Required action:
Return all of the data that follows precisely, leaving every image out.

Dataset excerpts:
Segment Open

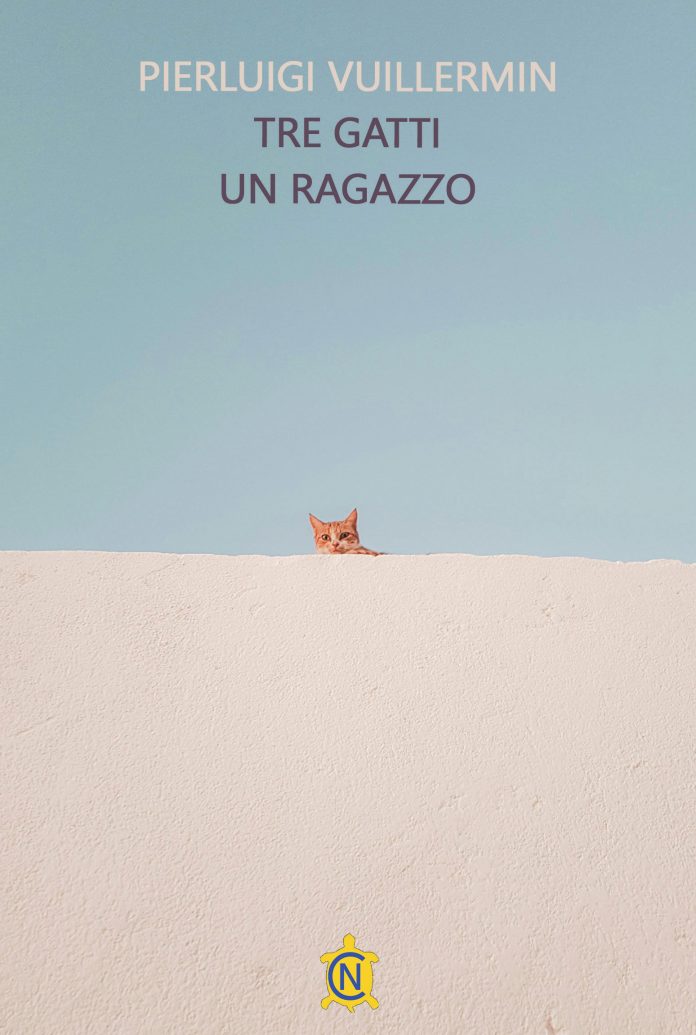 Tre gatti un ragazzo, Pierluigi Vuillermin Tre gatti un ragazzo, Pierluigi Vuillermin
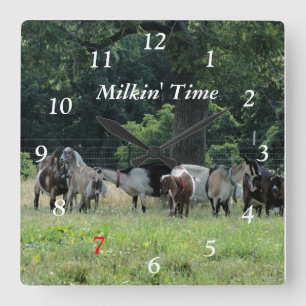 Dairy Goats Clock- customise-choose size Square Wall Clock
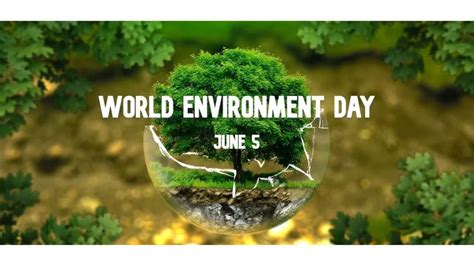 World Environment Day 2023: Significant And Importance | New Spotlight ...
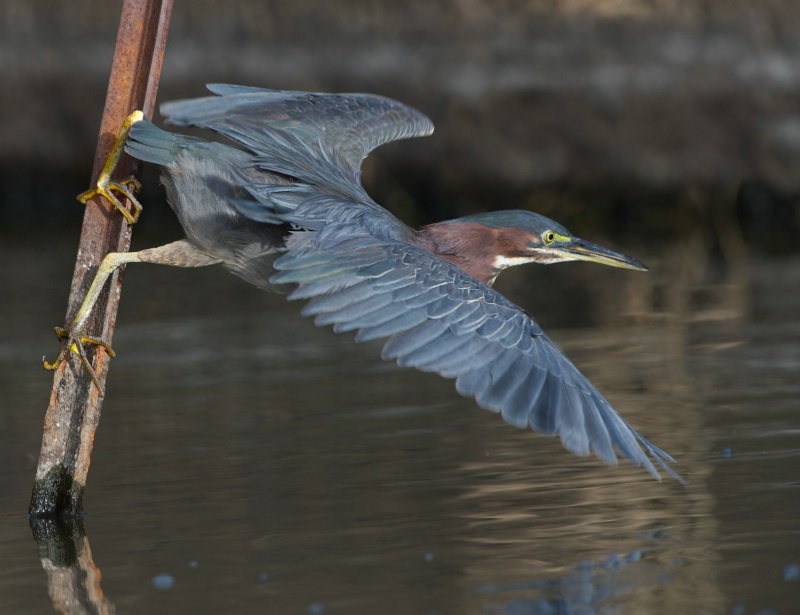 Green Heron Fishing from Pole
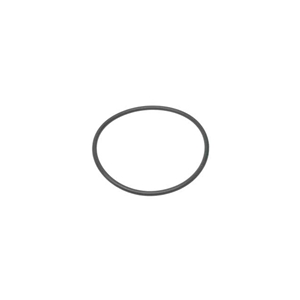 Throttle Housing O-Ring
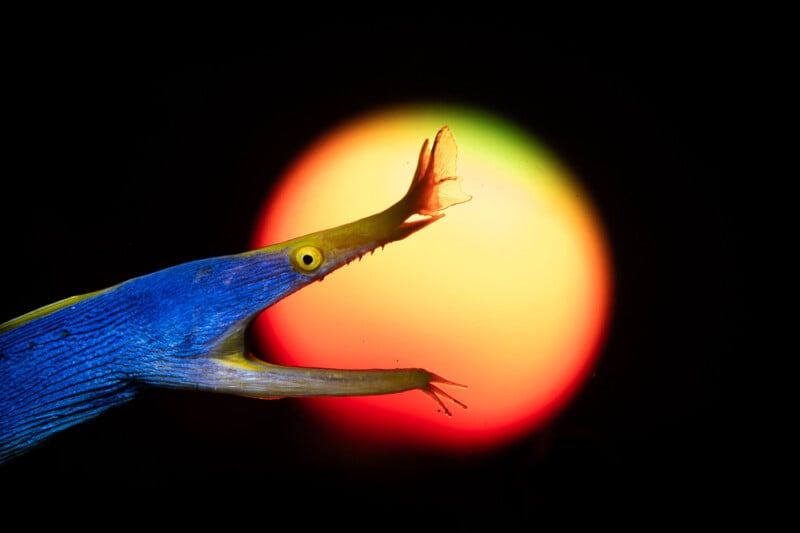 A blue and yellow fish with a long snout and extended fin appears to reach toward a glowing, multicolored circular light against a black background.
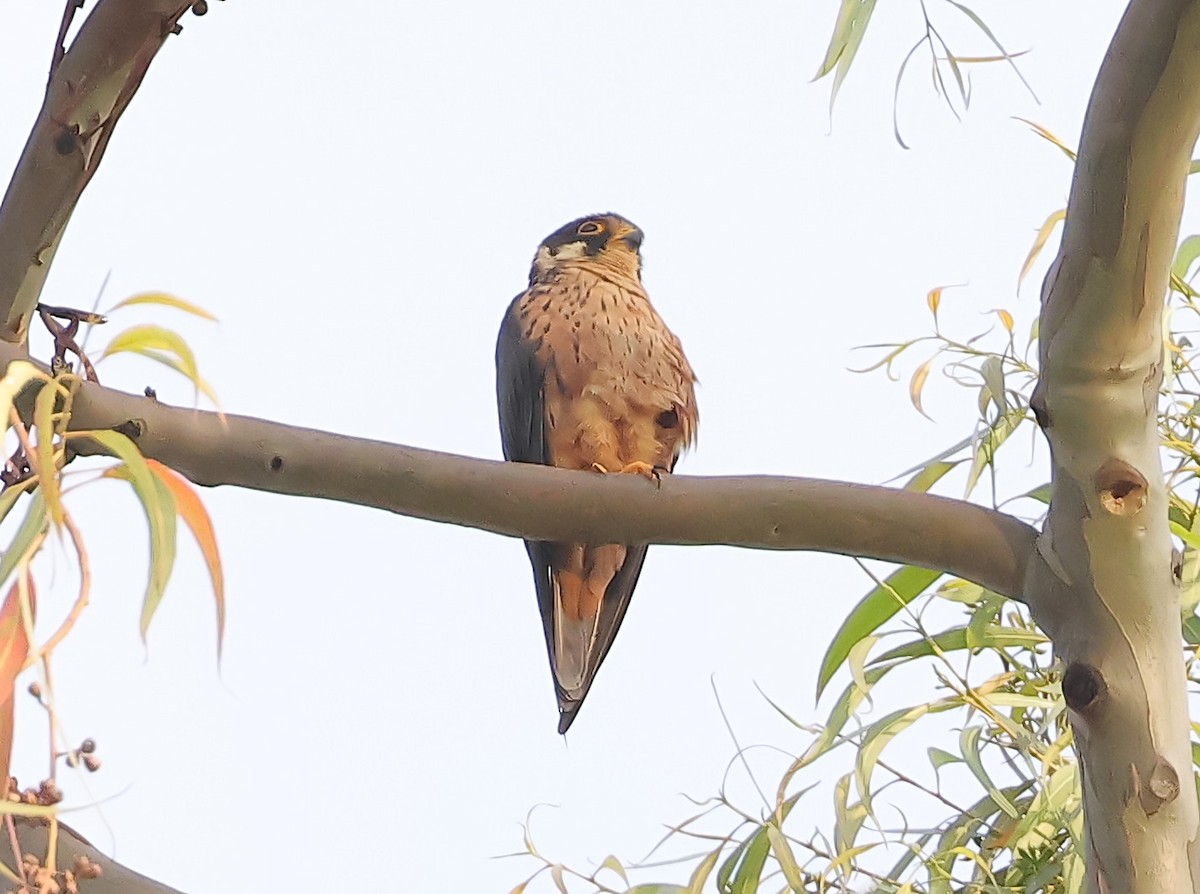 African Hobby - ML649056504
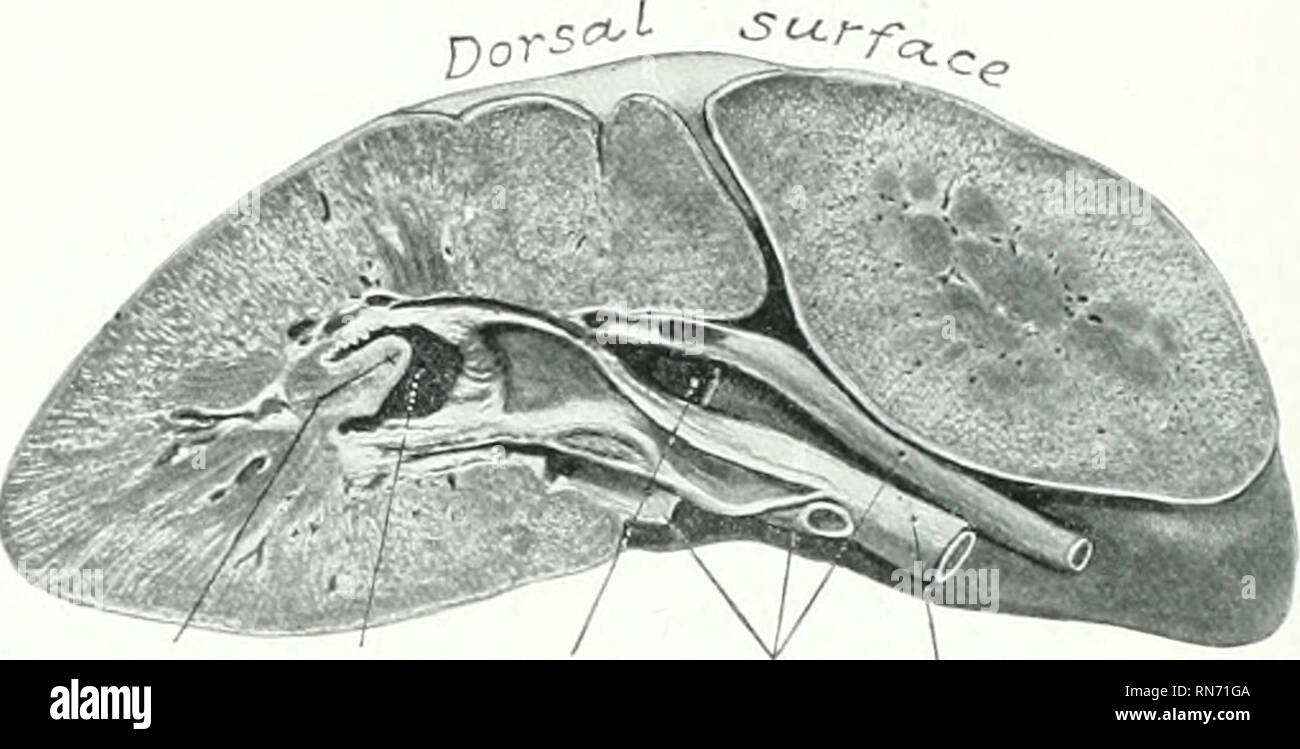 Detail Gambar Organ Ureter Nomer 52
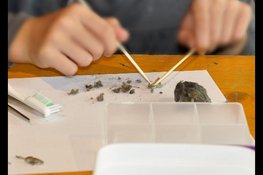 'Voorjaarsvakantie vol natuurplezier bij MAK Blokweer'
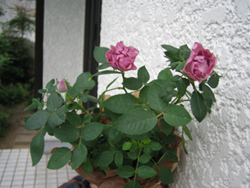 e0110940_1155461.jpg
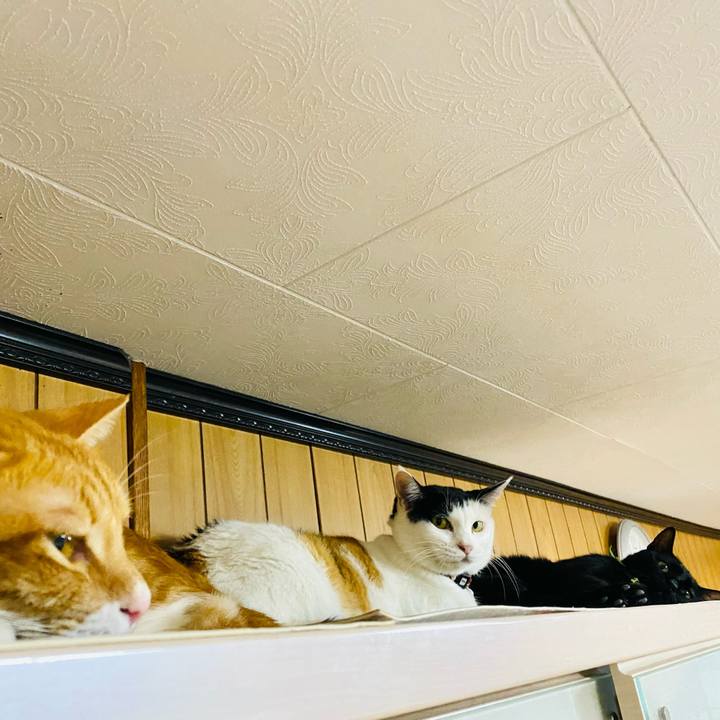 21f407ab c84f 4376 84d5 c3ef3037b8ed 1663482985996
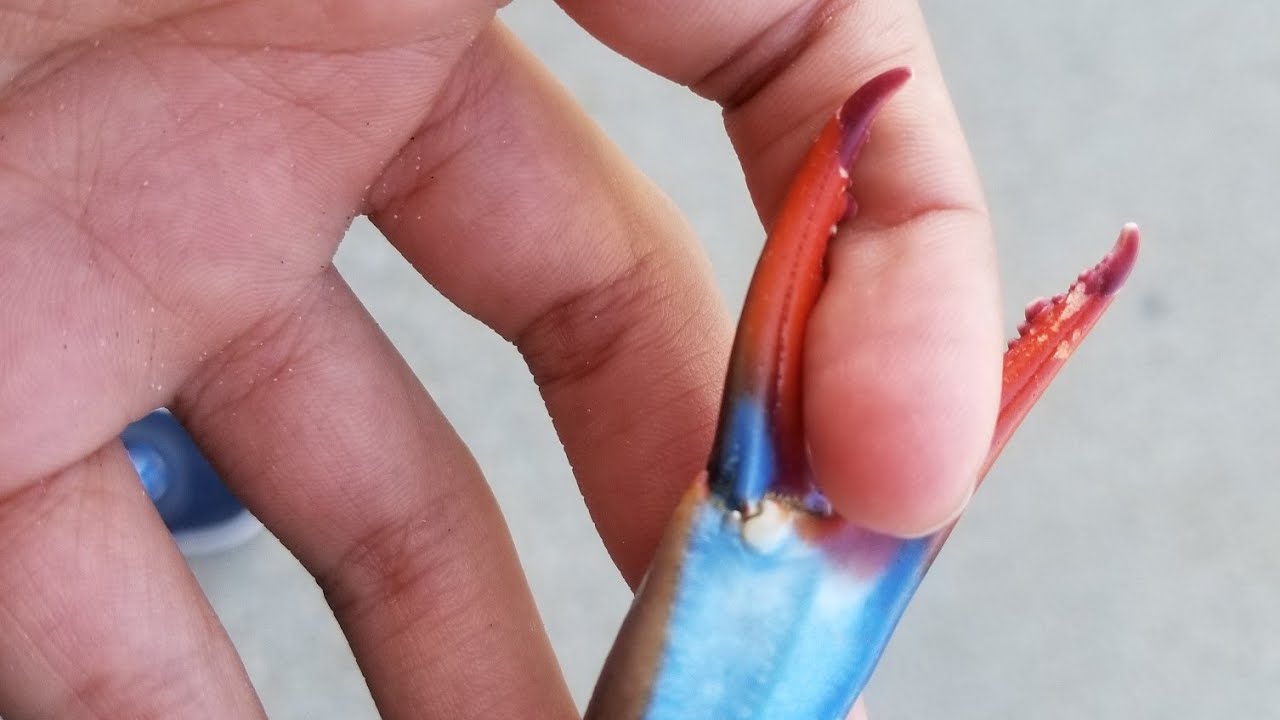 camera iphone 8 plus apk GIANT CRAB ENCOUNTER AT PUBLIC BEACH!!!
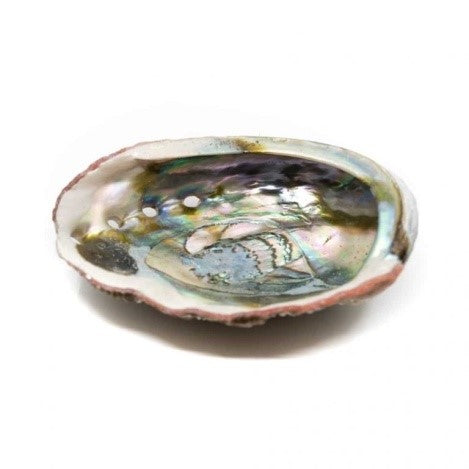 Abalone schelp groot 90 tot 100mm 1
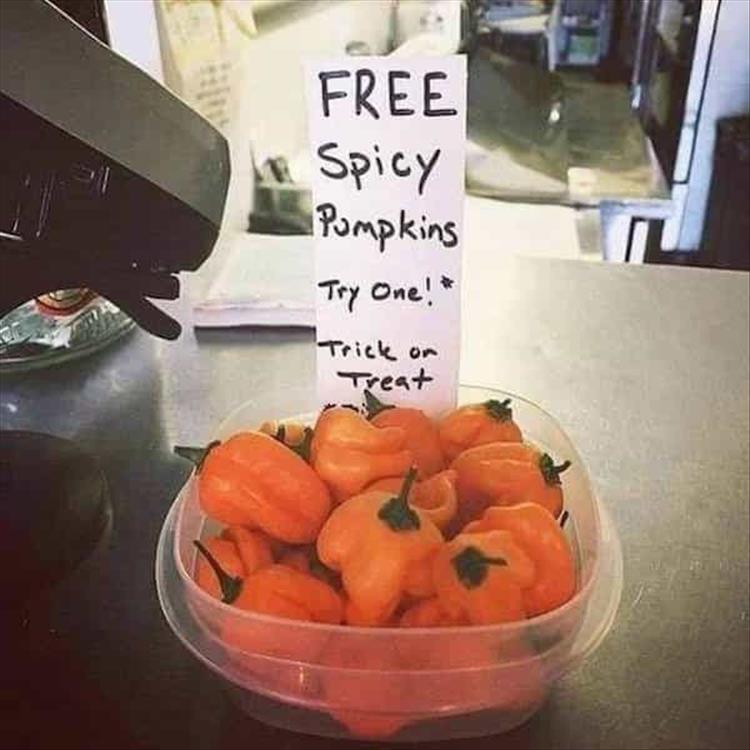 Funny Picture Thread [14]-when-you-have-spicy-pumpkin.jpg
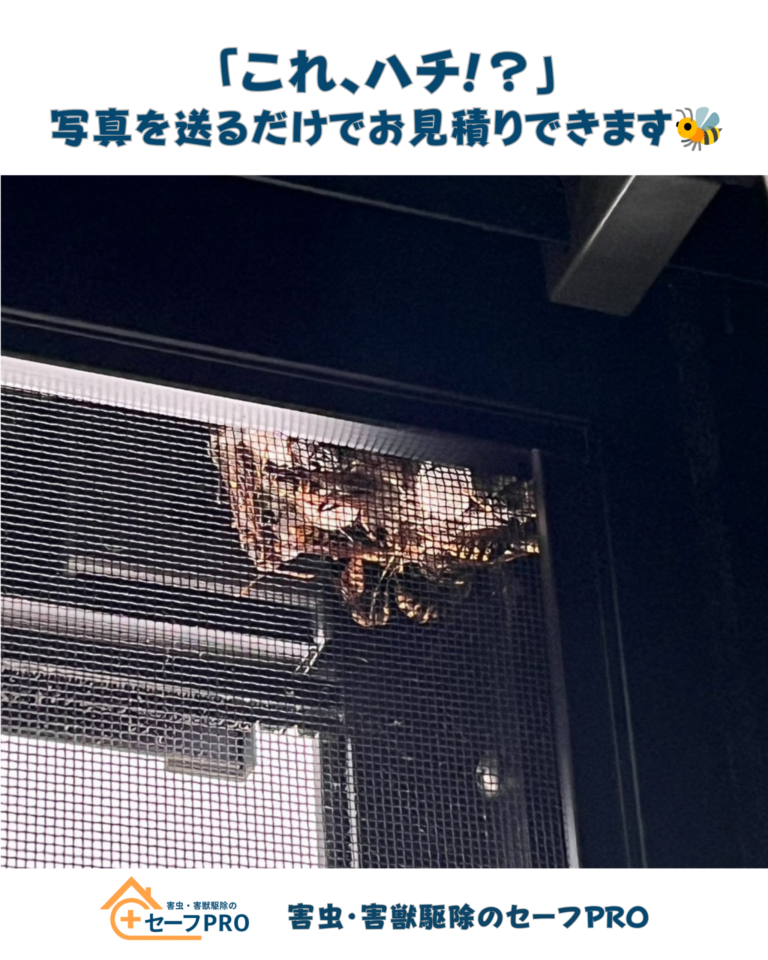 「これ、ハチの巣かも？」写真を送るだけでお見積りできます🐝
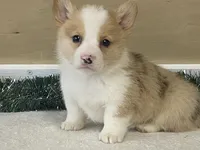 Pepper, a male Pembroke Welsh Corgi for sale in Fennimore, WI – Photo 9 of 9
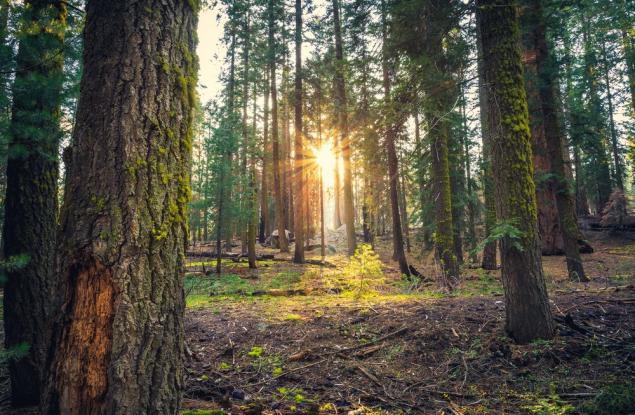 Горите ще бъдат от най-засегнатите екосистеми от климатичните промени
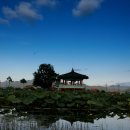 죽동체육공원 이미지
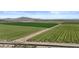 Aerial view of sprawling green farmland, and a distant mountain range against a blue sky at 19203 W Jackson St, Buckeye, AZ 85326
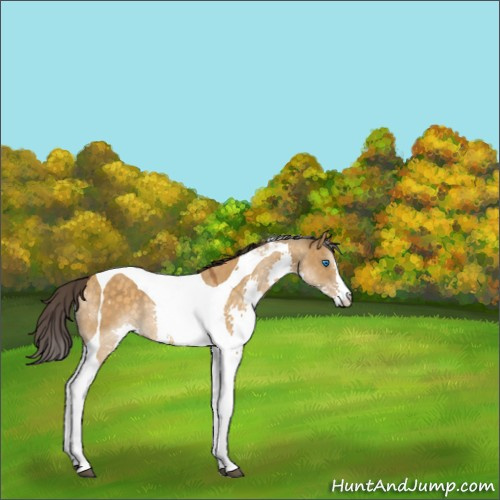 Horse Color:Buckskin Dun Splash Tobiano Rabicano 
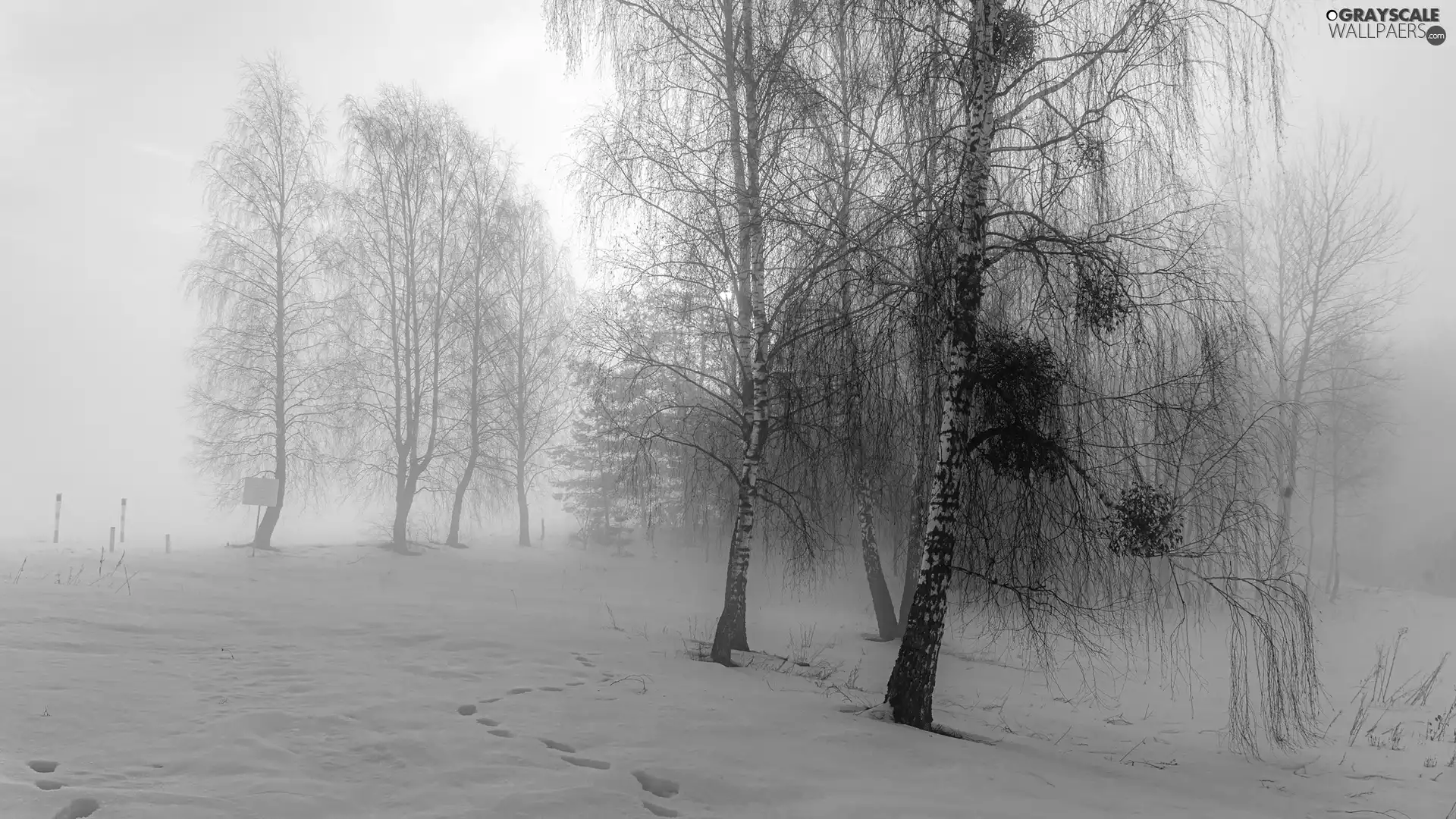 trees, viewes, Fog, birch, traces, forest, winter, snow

Segment Closed

Task solution:
 Tre gatti un ragazzo, Pierluigi Vuillermin Tre gatti un ragazzo, Pierluigi Vuillermin
 Dairy Goats Clock- customise-choose size Square Wall Clock
 World Environment Day 2023: Significant And Importance | New Spotlight ...
 Green Heron Fishing from Pole
 Throttle Housing O-Ring
 A blue and yellow fish with a long snout and extended fin appears to reach toward a glowing, multicolored circular light against a black background.
 African Hobby - ML649056504
 Detail Gambar Organ Ureter Nomer 52
 'Voorjaarsvakantie vol natuurplezier bij MAK Blokweer'
 e0110940_1155461.jpg
 21f407ab c84f 4376 84d5 c3ef3037b8ed 1663482985996
 camera iphone 8 plus apk GIANT CRAB ENCOUNTER AT PUBLIC BEACH!!!
 Abalone schelp groot 90 tot 100mm 1
 Funny Picture Thread [14]-when-you-have-spicy-pumpkin.jpg
 「これ、ハチの巣かも？」写真を送るだけでお見積りできます🐝
 Pepper, a male Pembroke Welsh Corgi for sale in Fennimore, WI – Photo 9 of 9
 Горите ще бъдат от най-засегнатите екосистеми от климатичните промени
 죽동체육공원 이미지
 Aerial view of sprawling green farmland, and a distant mountain range against a blue sky at 19203 W Jackson St, Buckeye, AZ 85326
 Horse Color:Buckskin Dun Splash Tobiano Rabicano 
 trees, viewes, Fog, birch, traces, forest, winter, snow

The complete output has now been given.